It is evident that the lack of education and awareness, weak family planning, and poverty are some reasons behind the rapidly increasing population. However,ageing population is yet another significant contributing factor towards the same and unfortunately, the major toll of this is borne by developing countries.
The population of the developing countries has increased at a rapid pace due to sharply declining death rates and high birth rates. The average death rate decreased from 22 in 1950 to 8 in 2000 per thousand while the birth rate fell from 42 to 26 per thousand during the same period. The main concern here is that the ageing population (people over 65) is also the dependent population. They take up equal resources by depending on the younger population while contributing minimally. The significant decline in the labour participation rate is a big blow to the economy. This means a larger investment with a reduced capacity of the people to save. According to data from World Population Prospects: the 2019 Revision, by 2050, one in six people in the world will be over age 65 (16%), up from one in 11 in 2019 (9%). By 2050, one in four persons living in Europe and Northern America could be aged 65 or over. In 2018, for the first time in history, persons aged 65 or above outnumbered children under five years of age globally. The number of persons aged 80 years or over is projected to triple, from 143 million in 2019 to 426 million in 2050.
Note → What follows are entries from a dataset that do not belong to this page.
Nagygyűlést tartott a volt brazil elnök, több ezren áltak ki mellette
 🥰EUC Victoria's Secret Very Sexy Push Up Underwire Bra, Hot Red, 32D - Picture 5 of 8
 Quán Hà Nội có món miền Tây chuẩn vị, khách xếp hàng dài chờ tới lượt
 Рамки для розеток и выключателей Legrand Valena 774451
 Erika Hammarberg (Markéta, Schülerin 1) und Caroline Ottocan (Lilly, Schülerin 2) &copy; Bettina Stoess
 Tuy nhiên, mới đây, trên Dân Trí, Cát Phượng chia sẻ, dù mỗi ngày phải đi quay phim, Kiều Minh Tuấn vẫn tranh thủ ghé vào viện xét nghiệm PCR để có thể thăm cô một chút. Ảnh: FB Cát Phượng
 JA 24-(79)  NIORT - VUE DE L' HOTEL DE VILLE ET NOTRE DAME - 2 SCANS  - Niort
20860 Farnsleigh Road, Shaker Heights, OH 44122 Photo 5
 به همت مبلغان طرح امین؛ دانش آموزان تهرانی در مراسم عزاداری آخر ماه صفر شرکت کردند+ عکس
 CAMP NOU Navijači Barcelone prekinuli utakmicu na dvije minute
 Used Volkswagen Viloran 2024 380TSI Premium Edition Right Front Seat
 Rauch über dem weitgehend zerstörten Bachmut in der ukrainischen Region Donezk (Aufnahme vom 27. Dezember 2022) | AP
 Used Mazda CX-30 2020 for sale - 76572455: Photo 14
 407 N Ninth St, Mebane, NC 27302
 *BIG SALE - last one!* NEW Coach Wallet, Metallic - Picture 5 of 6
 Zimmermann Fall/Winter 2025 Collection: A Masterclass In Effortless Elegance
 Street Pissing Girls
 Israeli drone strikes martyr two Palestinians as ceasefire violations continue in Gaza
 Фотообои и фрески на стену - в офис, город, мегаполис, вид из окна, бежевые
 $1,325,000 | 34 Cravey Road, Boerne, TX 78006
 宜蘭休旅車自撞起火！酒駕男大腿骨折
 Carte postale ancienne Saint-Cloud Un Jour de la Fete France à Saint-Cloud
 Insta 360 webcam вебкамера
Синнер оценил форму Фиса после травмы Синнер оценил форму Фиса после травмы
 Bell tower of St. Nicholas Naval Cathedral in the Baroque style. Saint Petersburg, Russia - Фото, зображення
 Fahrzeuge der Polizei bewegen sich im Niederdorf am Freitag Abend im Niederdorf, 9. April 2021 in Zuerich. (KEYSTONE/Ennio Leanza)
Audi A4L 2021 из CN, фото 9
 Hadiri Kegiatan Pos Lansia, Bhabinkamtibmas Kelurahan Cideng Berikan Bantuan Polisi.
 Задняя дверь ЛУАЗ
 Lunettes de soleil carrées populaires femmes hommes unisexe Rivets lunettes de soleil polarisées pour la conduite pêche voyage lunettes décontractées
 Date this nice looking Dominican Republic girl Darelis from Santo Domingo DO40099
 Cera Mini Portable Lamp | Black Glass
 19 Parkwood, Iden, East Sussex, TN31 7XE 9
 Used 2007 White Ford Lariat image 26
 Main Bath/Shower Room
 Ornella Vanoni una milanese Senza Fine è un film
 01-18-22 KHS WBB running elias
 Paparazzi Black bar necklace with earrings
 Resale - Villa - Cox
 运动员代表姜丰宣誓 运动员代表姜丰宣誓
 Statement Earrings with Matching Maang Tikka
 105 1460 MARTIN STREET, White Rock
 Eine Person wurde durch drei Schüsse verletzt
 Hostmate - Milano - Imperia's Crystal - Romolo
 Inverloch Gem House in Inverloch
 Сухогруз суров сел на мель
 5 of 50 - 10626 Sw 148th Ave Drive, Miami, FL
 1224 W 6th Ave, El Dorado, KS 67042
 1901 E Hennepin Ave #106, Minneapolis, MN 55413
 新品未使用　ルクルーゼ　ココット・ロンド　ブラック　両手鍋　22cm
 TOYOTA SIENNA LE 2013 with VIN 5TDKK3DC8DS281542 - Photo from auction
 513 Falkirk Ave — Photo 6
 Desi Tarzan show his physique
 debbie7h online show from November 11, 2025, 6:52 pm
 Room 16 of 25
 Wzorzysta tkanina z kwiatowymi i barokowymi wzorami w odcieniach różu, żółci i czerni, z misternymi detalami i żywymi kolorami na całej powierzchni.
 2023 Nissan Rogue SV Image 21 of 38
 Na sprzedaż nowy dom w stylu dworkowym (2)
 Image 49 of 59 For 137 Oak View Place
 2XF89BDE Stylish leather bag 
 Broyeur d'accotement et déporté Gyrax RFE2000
The lack of resources further degenerates opportunities for the youth leading to poverty, unemployment, starvation, and much more. With a lack of education and yearn to earn, the fertility rate increases which means more mouths to feed and more land to live on. Unable to access the resources, people remain illiterate and unaware. In developing or underdeveloped countries where most of the population is dependent on agriculture, it has further disturbed the land-man ratio. Due to the increased demand for resources, the problem of disguised unemployment has risen. The number of landless workers has largely increased followed by a low rate of their wages. Beyond the periphery of socio-economic factors, it is the environment that is affected the most. Water shortage, land shortage, and increasing pollution are evidence of the harm of population explosion. The migration of large multitudes from rural to urban spaces in search of work has further elevated environmental degradation in big cities and towns. Apart from that, a large number of people have also been observed to move to more ecological zones like hills thereby, adversely affecting the untouched spaces too.
The most eminent example of the tragedy of this rural to urban migration is the recent migrant labour crisis that India faced post lockdown. Hundreds and thousands of migrant labourers were left to rot on the roads with no shelter and food which proved that the country is yet not prepared to sustain its ever-growing population. Unfortunately, this situation portrays the ever encircling vicious circle of poverty and population in its entirety. It is when we control poverty, unemployment, and increase awareness and education, that we’ll be able to breakthrough.